Elke cyclus begint met de Aanwijzing voor het kalenderjaar waarop de toegekende middelen betrekking hebben (jaar t). Vervolgens stelt het CVZ beleidsregels op waarin wordt vastgesteld hoe de besteedbare middelen worden verdeeld via de voorlopige vaststelling beheerskosten. In de Regeling voorschotverlening op uitkeringen AWBZ 2010 van het college is bepaald op welke wijze de voorschotten worden uitgekeerd, dat de voorschotten worden verrekend met de nadere vaststelling en op welke wijze rente wordt berekend. Als in het jaar t+1 de Staatssecretaris een Nadere Aanwijzing voor het jaar t heeft afgegeven en het college daarop een wijziging van de beleidsregels voor het jaar t heeft vastgesteld, stelt het college het beheerskostenbudget nader vast. In deze Nadere vaststelling wordt ook de rente over de beheerskosten vastgesteld.

Tenslotte stelt het college in het jaar t+3 de beheerskosten definitief vast, nadat alle eventuele bezwaren zijn afgehandeld. Het college houdt bij de definitieve vaststelling rekening met de correcties van de NZa en constateert of aan de voorwaarden is voldaan bij voorwaardelijk beschikbaar gestelde middelen.

De staatssecretaris van Volksgezondheid, Welzijn en Sport heeft de besteedbare middelen beheerskosten AWBZ voor het jaar 2010 vastgesteld op 207,824 miljoen euro.

Dit bedrag is bestemd ter dekking van de uitgaven voor de uitvoering van de Algemene Wet Bijzondere Ziektekosten van de zorgverzekeraars, de verbindingskantoren en het CAK samen. In zijn beleidsregels heeft het CVZ een bedrag van 155,900 miljoen euro vastgesteld als totaalbudget voor de verbindingskantoren. Dit bedrag is als volgt berekend:

Omschrijving

Bedrag (1 = € 1mln)

Historisch bepaald basisbedrag

149,975

0,75 % loon- en prijsbijstelling (voorcalculatorisch)

1,125

Incidentele toevoeging voor Modernisering administratieve organisatie (voorwaardelijk)

2,400

Incidentele toevoeging voor invoering zorgzwaartepakketten (ZZP’s)

2,400

Totaal

155,900

Het percentage voor loon- en prijsbijstelling wordt nagecalculeerd als daartoe te zijner tijd een nadere aanwijzing van de staatssecretaris verschijnt.

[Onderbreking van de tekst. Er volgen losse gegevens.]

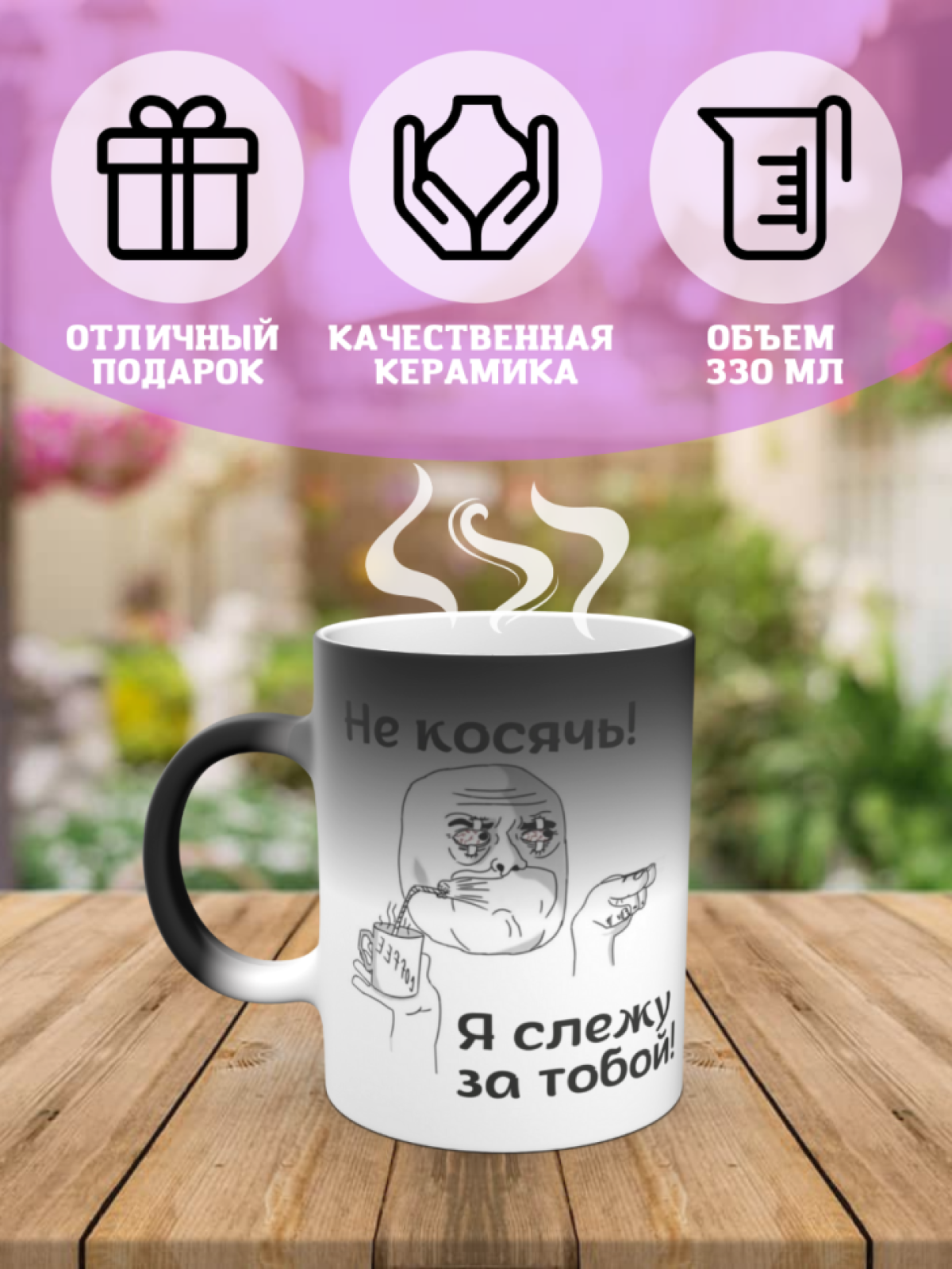 Кружка Хамелеон Подарок с надписью с текстом Кружка с принто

In deze beleidsregels geeft het CVZ aan hoe de middelen die voor 2010 voor de verbindingskantoren besteedbaar zijn, worden verdeeld.

Modernisering administratieve organisatie (exclusief AZR)

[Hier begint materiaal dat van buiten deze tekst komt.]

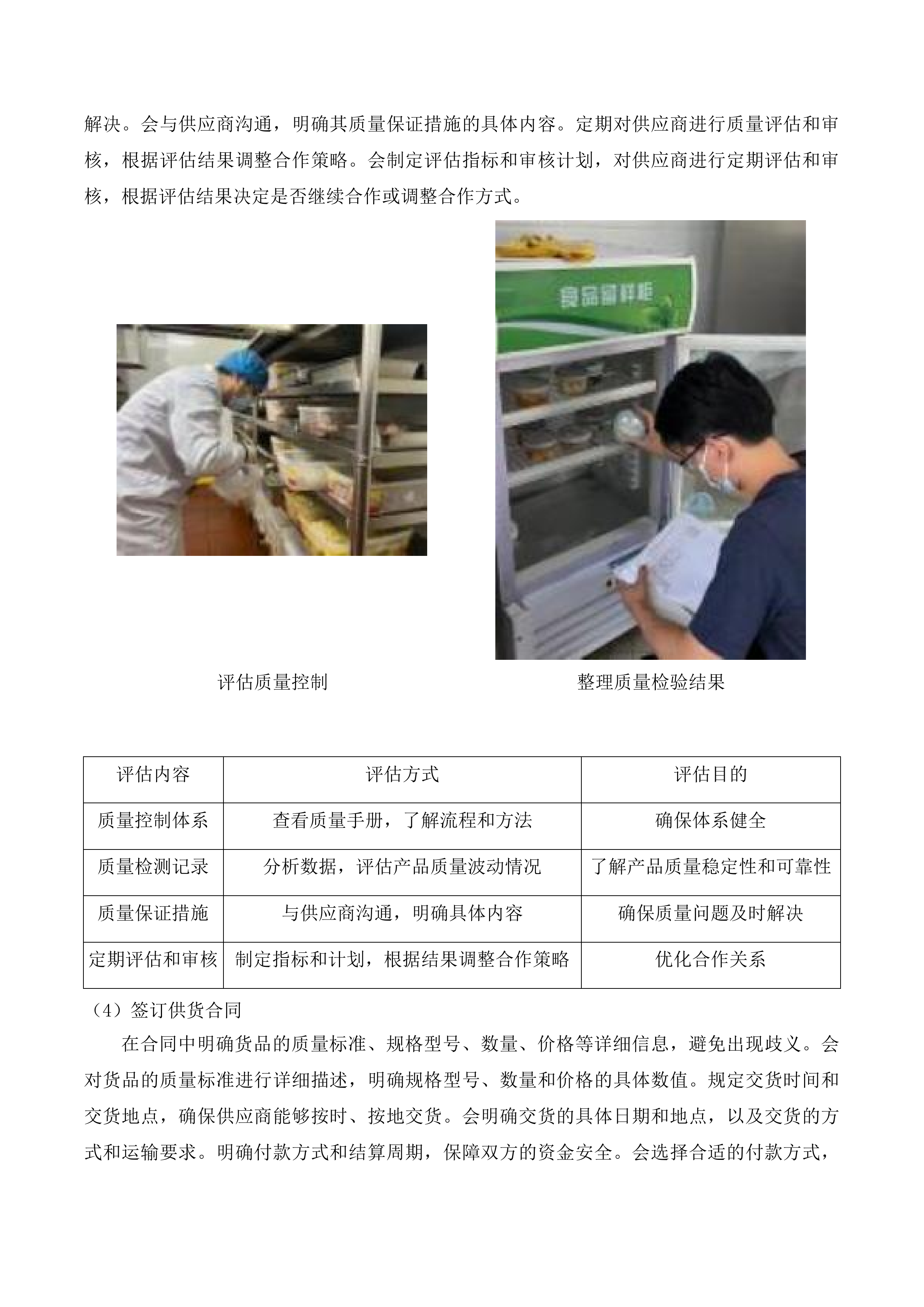 保障惠民中心食堂膳食配送服务投标方案.docx 第10页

Voor het aanpassen van de huidige administratie naar een administratie op verzekerdenniveau (inclusief het invoeren van declareren op verzekerdenniveau) ontvangen de verbindingskantoren voor een periode van drie jaar sinds 2009 jaarlijks incidenteel € 2,400 miljoen, welk bedrag over de verbindingskantoren wordt verdeeld.

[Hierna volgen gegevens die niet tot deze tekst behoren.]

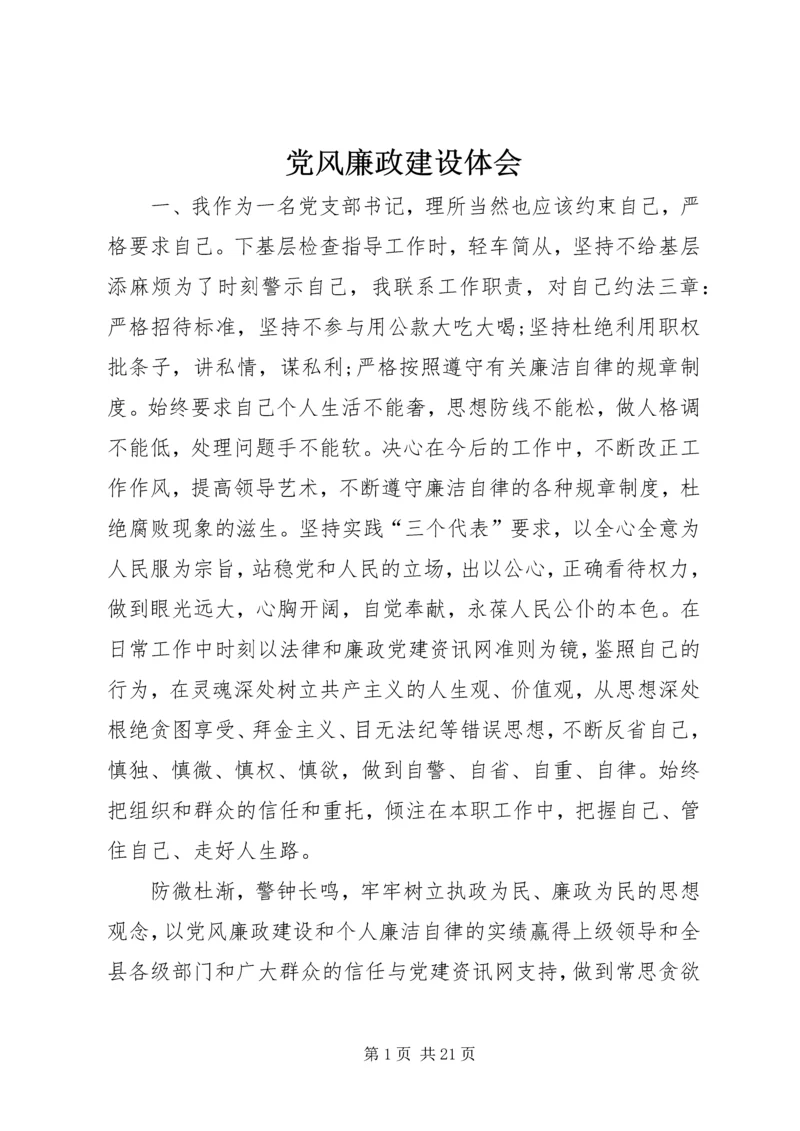 党风廉政建设体会_1.docx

Een belangrijk onderdeel van de moderne administratieve organisatie is een cliëntvolgende administratie en declaratie. Met de introductie van declareren in de AWBZ, wordt per cliënt duidelijk welke zorg geleverd is en hoeveel hiervoor wordt betaald. De cliëntvolgende administratie is tevens noodzakelijk voor toekomstige systeem- en uitvoeringsveranderingen (invoering van persoonsvolgende bekostiging, overgang van delen van de AWBZ naar de Zorgverzekeringswet, uitvoering van de AWBZ door verzekeraars voor eigen verzekerden). Ten slotte verhoogt een cliëntvolgende administratie naar verwachting de kwaliteit van de gegevensuitwisseling via de AWBZ-brede zorgregistratie en daarmee heeft het ook effect op processen zoals de oplegging van de eigen bijdrage door het CAK en de kwaliteit van de wachttijdgegevens.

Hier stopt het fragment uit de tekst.